** What you are asked to do **
Search the entries for the word "within" and report each line that has it.

[Opening Supplied entries section]

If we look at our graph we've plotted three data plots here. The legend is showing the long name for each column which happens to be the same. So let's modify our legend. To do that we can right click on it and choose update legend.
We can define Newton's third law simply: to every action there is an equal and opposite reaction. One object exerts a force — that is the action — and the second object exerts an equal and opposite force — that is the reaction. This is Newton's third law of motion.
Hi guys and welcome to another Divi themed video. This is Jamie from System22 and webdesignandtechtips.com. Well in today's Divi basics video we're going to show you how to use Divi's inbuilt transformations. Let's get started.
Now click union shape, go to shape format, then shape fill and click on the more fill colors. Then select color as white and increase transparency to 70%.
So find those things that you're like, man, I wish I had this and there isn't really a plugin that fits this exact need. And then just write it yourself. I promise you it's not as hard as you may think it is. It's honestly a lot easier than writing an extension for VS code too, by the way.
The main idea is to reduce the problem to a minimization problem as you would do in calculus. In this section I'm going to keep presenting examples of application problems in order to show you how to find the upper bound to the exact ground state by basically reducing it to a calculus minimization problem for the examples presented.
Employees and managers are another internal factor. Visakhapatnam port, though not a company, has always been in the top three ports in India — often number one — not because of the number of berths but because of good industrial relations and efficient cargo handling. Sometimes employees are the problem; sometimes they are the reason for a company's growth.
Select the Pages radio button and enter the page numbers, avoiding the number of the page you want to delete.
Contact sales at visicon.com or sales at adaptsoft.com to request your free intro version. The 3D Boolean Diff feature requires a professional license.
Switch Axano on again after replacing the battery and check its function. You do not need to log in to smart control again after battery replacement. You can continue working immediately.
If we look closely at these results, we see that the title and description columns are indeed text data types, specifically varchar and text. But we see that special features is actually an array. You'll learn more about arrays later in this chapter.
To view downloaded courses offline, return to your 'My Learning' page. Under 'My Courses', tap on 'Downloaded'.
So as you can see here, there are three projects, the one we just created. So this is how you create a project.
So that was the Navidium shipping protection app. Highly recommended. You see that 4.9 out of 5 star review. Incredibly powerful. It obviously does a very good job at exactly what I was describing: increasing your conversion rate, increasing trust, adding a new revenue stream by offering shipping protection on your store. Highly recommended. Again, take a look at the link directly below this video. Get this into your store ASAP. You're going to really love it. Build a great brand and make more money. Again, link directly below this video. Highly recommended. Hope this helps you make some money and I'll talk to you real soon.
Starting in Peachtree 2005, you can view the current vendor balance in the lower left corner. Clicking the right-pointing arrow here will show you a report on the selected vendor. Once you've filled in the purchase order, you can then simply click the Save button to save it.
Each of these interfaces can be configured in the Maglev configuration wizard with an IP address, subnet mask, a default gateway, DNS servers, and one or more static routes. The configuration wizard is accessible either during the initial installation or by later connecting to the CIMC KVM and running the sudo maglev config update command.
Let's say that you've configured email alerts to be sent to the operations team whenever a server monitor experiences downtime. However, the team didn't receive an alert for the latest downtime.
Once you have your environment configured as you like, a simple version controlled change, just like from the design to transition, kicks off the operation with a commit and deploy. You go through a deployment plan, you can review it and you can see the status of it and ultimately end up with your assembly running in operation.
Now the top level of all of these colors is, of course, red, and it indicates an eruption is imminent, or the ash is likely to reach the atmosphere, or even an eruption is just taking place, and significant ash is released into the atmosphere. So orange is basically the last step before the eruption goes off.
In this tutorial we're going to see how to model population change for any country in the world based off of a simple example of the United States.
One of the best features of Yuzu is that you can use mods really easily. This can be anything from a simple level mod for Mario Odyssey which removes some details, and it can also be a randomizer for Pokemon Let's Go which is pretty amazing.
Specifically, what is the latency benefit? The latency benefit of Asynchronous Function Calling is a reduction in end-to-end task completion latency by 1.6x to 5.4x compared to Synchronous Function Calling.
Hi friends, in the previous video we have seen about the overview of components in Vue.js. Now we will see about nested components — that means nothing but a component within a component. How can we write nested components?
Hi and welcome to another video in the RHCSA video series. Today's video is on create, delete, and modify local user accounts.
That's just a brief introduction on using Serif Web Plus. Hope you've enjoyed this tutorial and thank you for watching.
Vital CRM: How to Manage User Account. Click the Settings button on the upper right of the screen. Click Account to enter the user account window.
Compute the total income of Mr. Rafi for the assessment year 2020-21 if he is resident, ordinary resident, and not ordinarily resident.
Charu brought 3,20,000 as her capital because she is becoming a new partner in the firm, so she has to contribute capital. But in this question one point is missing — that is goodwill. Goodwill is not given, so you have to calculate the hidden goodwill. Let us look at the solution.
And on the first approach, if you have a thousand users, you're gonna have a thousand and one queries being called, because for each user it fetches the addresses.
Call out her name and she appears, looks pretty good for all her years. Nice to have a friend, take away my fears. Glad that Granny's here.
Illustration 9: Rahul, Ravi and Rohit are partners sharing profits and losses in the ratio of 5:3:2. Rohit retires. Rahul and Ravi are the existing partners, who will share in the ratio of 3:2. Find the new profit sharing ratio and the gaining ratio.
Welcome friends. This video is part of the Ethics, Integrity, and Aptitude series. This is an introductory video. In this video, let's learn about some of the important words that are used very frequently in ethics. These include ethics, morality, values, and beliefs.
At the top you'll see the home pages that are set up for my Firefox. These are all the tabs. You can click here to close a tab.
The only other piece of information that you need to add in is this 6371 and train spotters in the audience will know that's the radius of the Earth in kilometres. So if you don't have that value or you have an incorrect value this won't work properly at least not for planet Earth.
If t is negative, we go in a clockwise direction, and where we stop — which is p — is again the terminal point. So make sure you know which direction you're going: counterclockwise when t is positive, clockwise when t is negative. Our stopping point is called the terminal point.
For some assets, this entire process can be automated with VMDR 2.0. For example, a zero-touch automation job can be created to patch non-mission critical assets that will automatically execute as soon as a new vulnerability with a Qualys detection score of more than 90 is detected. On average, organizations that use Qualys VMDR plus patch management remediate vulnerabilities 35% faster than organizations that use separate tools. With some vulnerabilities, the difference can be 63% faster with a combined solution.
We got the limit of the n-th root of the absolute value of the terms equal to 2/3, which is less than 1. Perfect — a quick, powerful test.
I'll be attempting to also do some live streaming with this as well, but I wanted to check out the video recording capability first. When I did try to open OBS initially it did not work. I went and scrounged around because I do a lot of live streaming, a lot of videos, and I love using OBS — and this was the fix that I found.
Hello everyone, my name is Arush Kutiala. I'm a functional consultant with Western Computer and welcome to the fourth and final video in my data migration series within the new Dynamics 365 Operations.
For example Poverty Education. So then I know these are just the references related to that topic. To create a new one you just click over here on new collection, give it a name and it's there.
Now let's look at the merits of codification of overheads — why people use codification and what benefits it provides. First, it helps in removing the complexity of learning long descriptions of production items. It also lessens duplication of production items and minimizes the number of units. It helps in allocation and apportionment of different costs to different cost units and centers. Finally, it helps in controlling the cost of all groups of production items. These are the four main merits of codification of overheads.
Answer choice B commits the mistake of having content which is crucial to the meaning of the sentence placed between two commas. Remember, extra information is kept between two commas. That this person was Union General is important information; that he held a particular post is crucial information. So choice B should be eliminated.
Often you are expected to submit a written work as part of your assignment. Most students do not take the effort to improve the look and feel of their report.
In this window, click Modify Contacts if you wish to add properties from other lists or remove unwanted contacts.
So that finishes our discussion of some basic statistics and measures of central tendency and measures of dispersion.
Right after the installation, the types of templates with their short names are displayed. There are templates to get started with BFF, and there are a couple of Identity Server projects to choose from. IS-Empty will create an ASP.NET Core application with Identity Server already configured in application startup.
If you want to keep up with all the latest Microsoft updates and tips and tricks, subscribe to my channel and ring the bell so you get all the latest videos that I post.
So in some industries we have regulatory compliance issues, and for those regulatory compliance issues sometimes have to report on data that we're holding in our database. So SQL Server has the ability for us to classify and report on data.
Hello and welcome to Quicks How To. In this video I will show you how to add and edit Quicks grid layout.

[Closing Supplied entries section]

** Finished task **
Hi friends, in the previous video we have seen about the overview of components in Vue.js. Now we will see about nested components — that means nothing but a component within a component. How can we write nested components?
Hello everyone, my name is Arush Kutiala. I'm a functional consultant with Western Computer and welcome to the fourth and final video in my data migration series within the new Dynamics 365 Operations.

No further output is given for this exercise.